Project

General

Profile

Feature #3395

Consider scripted composition of Dockerfiles

Added by Eric Irrgang 8 months ago. Updated 7 months ago.

Status:
Feedback wanted
Priority:
Normal
Assignee:
-
Category:
testing
Target version:
-
Difficulty:
uncategorized
Close

Description

Dockerfiles tend to support chained image builds well, but forked recipes start to develop a maintenance burden as scriptlets get duplicated. Docker images composed from several recipes are kludgey, at best.

As the Dockerfiles for GitLab Runner develop more parameters (compiler tool chain, MPI flavor, Python version), we should consider using a tool to script the composition of our Dockerfiles rather than manually maintaining flat files.

Prominent solutions


Related issues

Related to GROMACS - Bug #3263: Change dockerfile organization to have all builds in one fileClosed
Related to GROMACS - Feature #3177: Spack package management supportNew

Associated revisions

Revision 3ba43a73 (diff)
Added by Eric Irrgang 8 months ago

Manage the list of image tags in Docker build script.

Supports flexibility in future handling of built images.

Refs #3395

Change-Id: I207911f190a57cbc4671777b5b92827aa6d3904a

Revision 386b2947 (diff)
Added by Eric Irrgang 8 months ago

Manage the list of image tags in Docker build script.

Supports flexibility in future handling of built images.

Refs #3395

Change-Id: I207911f190a57cbc4671777b5b92827aa6d3904a

Revision f8517ace (diff)
Added by Eric Irrgang 8 months ago

Free up Docker image tag namespace.

Allow tags to distinguish Docker images for different release
requirements.
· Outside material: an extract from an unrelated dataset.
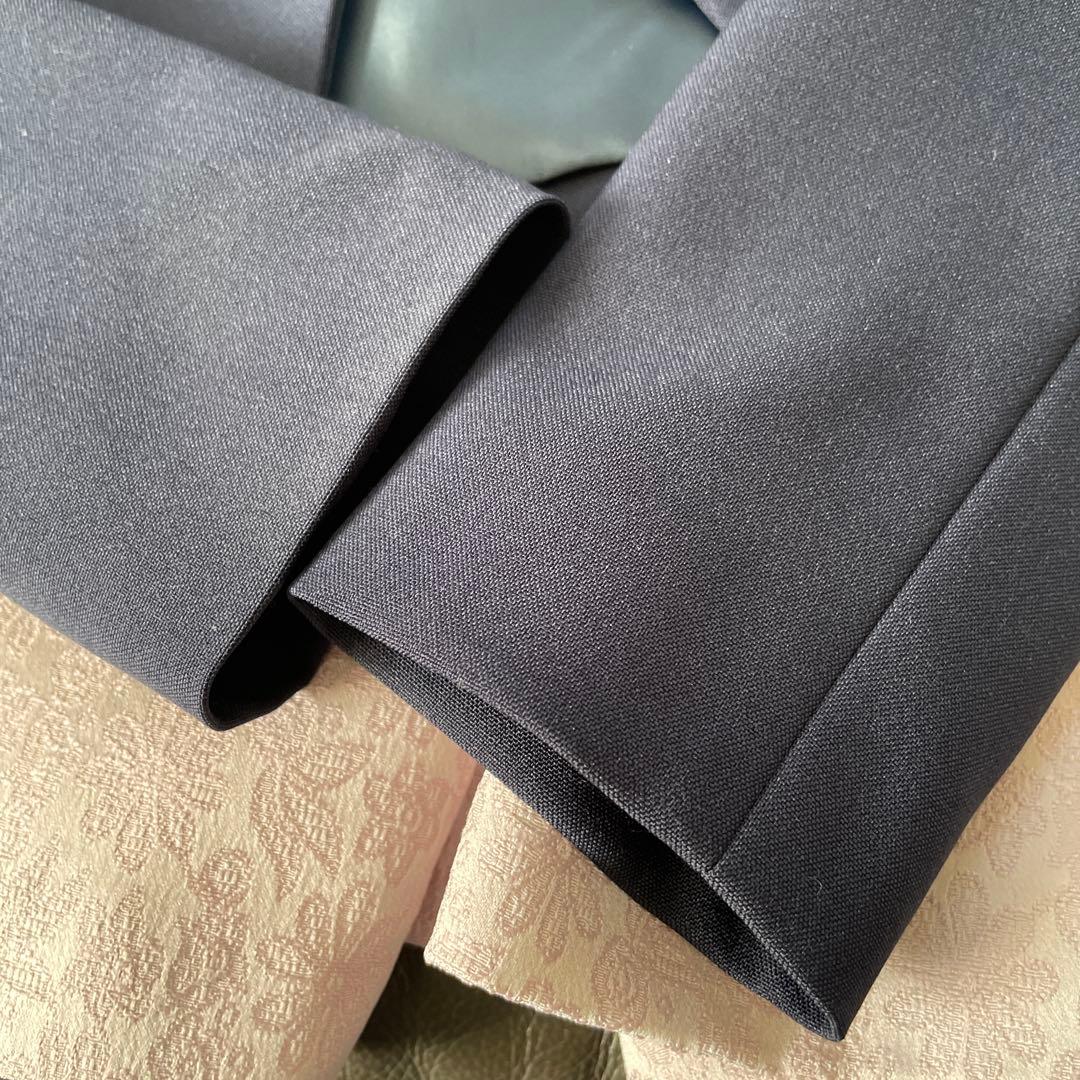 美品★ BEAMS 女の子　フォーマル　120 ネイビー・ピンク　卒園式　入学式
Free up the image tag namespace for granularly describing
image revisions (and create smaller image repositories) by using the
matrix slug as the image name. Tag images to indicate the supported
GROMACS branch.

Refs #3395

Change-Id: Idff95d031cd56a28545562862e78cd99902db620

Revision 7bd5c7f7 (diff)
Added by Eric Irrgang 7 months ago

Distinguish Docker images for different release requirements.
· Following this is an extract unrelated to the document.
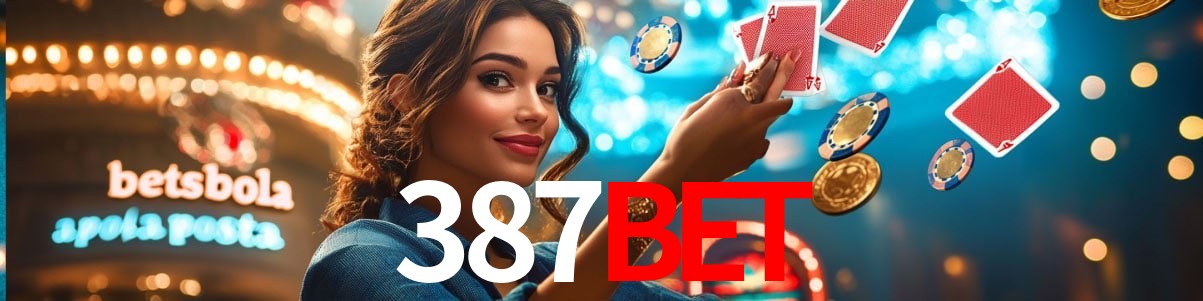 Welcome Bonus 387bet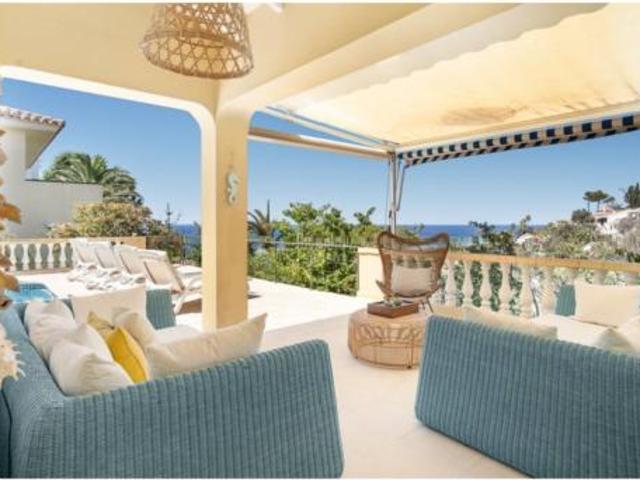 Chalet en venta en Son Bou, Menorca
Free up the image tag namespace for granularly describing image
revisions (and create smaller image repositories) by using the matrix
slug as the image name. Tag images with the major release number (2020).

Refs #3395

Change-Id: I917f511c8bc11c4cedf85943eb7388ce0d5f9740

Revision 4f4fa0ae (diff)
Added by Eric Irrgang 7 months ago

Build MPI in Dockerfile.

We should make sure that the MPI compiler wrapper we
set up corresponds to the toolchain we expect to use
in a Docker image.

Refs #3395

Change-Id: I89e2af539199918153560483552b5245c6947acf

Revision 3ea23bfb (diff)
Added by Eric Irrgang 7 months ago

Define an argparse parent parser for container image tools.

Refs #3395

Change-Id: I8bcb314b21732cb870743f44de6aadc4d6bf534d

Revision a2142ff6 (diff)
Added by Paul Bauer 7 months ago

Add script to generate CI Docker files

Refs #3395

Change-Id: Id001c87b52f4d1f7afcb7fbb38cd4b5efdbfd90e

Revision d26f554a (diff)
Added by Paul Bauer 7 months ago

Add script to generate CI Docker files

Refs #3395

Change-Id: Id001c87b52f4d1f7afcb7fbb38cd4b5efdbfd90e

History

#1 Updated by Mark Abraham 8 months ago

Strongly support something to build our Dockerfiles so that we repeat ourselves as little as possible. But we should also strive for simplicity in that tool. It's a means to an end that supports our users, but would be easy to over-engineer :-)

#2 Updated by Eric Irrgang 8 months ago

  • Description updated (diff)

#3 Updated by Eric Irrgang 8 months ago

Mark Abraham wrote:

But we should also strive for simplicity in that tool.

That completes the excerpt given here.